- Dataset extract

___

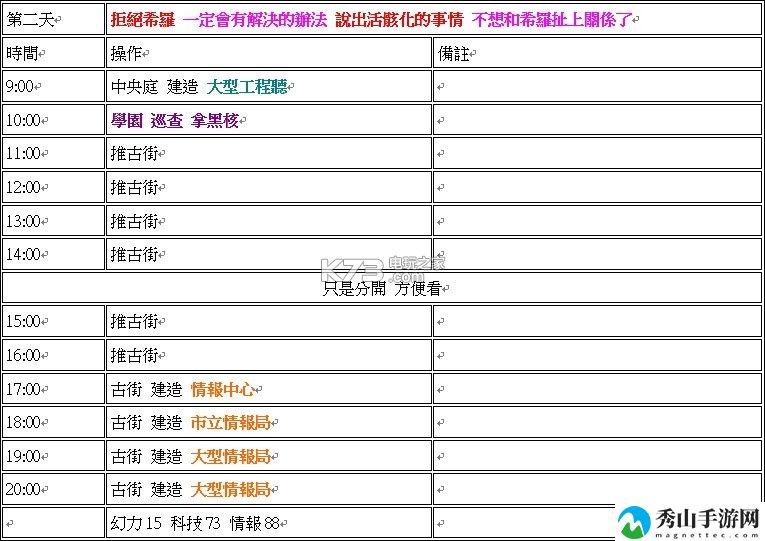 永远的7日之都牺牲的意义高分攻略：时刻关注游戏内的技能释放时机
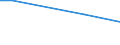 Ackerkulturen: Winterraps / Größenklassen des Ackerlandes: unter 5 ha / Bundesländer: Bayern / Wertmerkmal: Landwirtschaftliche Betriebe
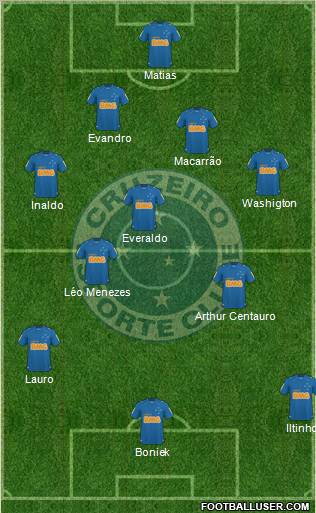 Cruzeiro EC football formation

___

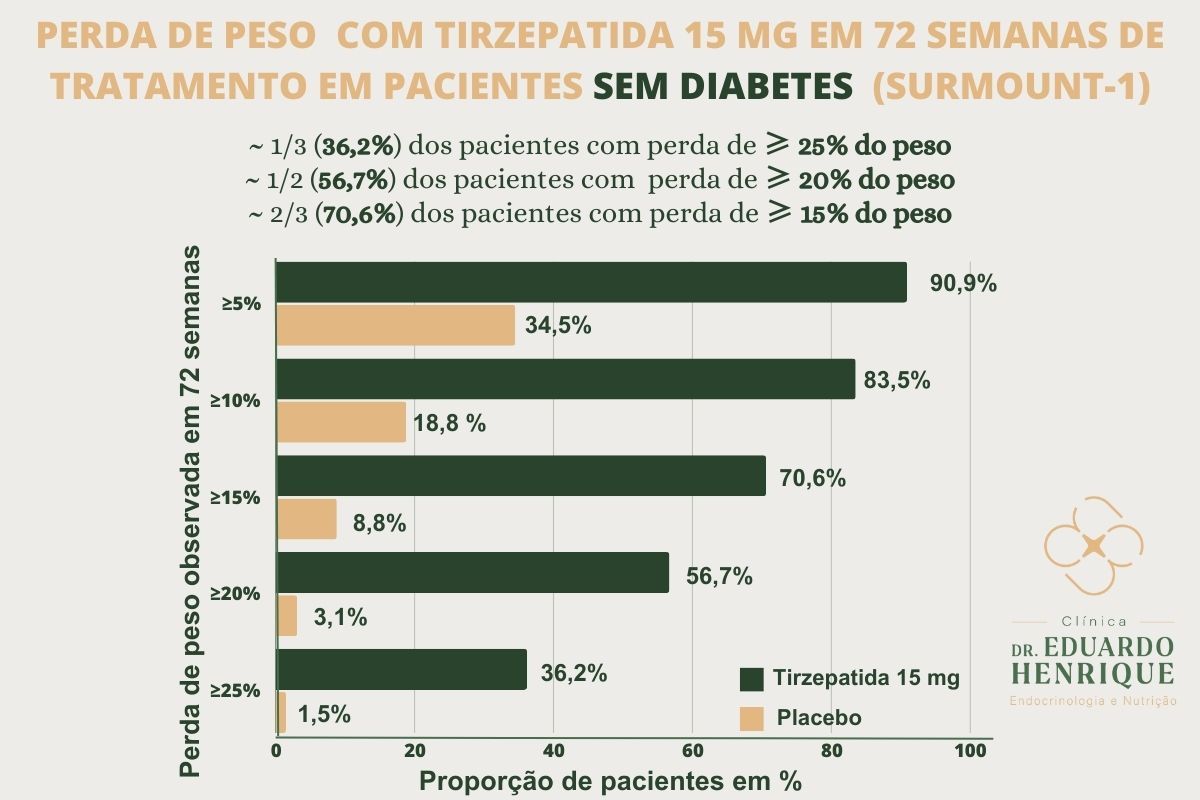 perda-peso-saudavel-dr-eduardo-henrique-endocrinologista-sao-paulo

___

- Directions
Copy only the lines above from the one containing "永远的7日之都牺牲的意义高分攻略：时刻关注游戏内的技能释放时机" through the one containing "Cruzeiro EC football formation", both included. Leave out the pictures.

- Result of this exercise
 永远的7日之都牺牲的意义高分攻略：时刻关注游戏内的技能释放时机
 Ackerkulturen: Winterraps / Größenklassen des Ackerlandes: unter 5 ha / Bundesländer: Bayern / Wertmerkmal: Landwirtschaftliche Betriebe
 Cruzeiro EC football formation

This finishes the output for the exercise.